Parte de los colonos que en su hora fueron retaguardia de las Farc, en la lucha inútil por sobrevivir con cultivos de pancoger y llegar a mercados inaccesibles, terminó sembrando coca cuando la economía de la droga saltó a economía de guerra y demandó más trabajadores y territorios cada día. Raspachines sobraron, en un país de campesinos sin tierra y tierra sin campesinos. Su rescate apunta ahora a darles tierra y crédito y asistencia técnica. Pero no podrá ser en zonas de colonización que los condenan a la miseria, por más que cultiven caucho en vez de coca; por más vías que construyan, pues las distancias encarecerán en exceso su producto.
En los años 80 se selló el maridaje entre conflicto armado y narcotráfico. Se retroalimentaban. La expansión de las fuerzas en liza demandaba los recursos del negocio; y éstas retribuían con servicios de seguridad y control de población y territorio.
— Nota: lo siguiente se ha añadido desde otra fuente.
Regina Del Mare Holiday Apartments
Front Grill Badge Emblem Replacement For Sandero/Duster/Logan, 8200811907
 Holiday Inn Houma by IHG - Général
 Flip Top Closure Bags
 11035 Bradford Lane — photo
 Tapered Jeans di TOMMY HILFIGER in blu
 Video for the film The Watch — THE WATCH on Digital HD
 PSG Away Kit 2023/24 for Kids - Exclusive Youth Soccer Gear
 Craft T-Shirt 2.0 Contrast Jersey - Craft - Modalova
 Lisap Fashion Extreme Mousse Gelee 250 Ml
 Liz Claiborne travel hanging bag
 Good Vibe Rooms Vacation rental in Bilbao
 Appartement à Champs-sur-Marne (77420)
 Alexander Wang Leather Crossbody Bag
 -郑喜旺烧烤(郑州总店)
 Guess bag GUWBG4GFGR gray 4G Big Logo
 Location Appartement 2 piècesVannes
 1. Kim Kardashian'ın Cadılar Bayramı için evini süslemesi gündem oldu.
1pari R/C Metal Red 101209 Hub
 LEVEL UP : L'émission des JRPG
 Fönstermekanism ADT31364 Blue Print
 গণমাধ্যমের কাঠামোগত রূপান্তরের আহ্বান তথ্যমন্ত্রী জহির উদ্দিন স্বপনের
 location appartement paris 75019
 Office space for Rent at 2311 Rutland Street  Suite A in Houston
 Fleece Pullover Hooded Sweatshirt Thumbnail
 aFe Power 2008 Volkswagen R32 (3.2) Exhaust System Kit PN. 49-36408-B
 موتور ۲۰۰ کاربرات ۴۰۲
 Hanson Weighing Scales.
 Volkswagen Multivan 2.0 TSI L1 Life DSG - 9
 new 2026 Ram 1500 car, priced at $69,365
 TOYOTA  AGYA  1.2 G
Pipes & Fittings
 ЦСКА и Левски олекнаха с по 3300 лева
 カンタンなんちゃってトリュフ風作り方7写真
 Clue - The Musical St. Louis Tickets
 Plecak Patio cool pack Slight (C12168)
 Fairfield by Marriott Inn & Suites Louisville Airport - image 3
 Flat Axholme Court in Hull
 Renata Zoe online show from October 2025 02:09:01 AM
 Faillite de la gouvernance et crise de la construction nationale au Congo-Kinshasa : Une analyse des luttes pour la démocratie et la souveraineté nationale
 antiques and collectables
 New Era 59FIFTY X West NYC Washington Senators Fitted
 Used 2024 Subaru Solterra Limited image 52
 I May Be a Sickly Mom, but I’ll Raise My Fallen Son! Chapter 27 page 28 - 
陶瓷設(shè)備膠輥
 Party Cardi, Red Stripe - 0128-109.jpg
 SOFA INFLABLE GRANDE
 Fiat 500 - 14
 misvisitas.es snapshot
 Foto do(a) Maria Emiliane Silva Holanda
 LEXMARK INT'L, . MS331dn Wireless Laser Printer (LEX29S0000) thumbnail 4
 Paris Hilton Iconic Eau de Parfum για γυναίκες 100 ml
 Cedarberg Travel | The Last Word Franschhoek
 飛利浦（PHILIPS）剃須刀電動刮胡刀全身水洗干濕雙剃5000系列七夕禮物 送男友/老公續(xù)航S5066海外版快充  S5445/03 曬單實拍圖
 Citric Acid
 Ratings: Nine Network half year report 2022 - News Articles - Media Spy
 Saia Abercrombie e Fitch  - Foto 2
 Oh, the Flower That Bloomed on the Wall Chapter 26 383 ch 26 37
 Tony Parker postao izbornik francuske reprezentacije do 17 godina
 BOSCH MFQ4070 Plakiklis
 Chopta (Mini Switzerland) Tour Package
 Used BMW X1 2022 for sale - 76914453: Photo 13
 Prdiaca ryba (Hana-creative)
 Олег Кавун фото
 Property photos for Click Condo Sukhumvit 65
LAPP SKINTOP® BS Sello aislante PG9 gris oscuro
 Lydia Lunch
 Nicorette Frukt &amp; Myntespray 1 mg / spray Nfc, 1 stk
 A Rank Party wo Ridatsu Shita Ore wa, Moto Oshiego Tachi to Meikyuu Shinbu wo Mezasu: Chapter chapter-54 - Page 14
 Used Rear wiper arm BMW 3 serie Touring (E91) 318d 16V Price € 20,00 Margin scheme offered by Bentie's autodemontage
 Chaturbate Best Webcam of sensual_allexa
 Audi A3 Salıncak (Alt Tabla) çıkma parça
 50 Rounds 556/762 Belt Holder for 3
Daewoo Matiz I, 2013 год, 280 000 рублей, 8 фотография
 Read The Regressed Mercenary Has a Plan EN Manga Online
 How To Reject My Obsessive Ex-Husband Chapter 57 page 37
Hubo alianza entre guerrilla y narcotráfico, mientras los cultivos de coca se expandían en zonas de influencia de las Farc. Pero hacia finales de la década se rompió esta alianza y fue la guerra, una de las causas del exterminio de la UP. El nuevo partido nacía como brazo político de las Farc, producto de acuerdos de paz con el Gobierno de Betancur. Hoy trabajan de consuno algunos frentes de las Farc y las bacrim.
Si las Farc abandonaran la droga, no moriría el narcotráfico, negocio global que multiplica por 500 el valor del producto en la cadena de comercialización: el kilo de pasta de coca que en nuestras selvas vale 650 dólares, vendido en las calles de Nueva York arroja 330.000 dólares. Pero en Colombia se replantearía la política antidrogas, de modo que recayera sobre las redes del narcotráfico, sobre su brazo político y el lavado de activos; no sobre los raspachines, el eslabón más débil de la cadena. Débil por su desamparo y porque fue víctima del control que, en ausencia del Estado, le impusieron las Farc. Una fuerza que obró como autoridad de hecho y ejército de ocupación, bajo la égida despótica del fusil. Ojalá se allanen las Farc a desmontar el negocio y a estos colonos se les ofrezcan alternativas rentables al cultivo de la coca. En verdaderas zonas de desarrollo, no en la porra y a la buena de dios.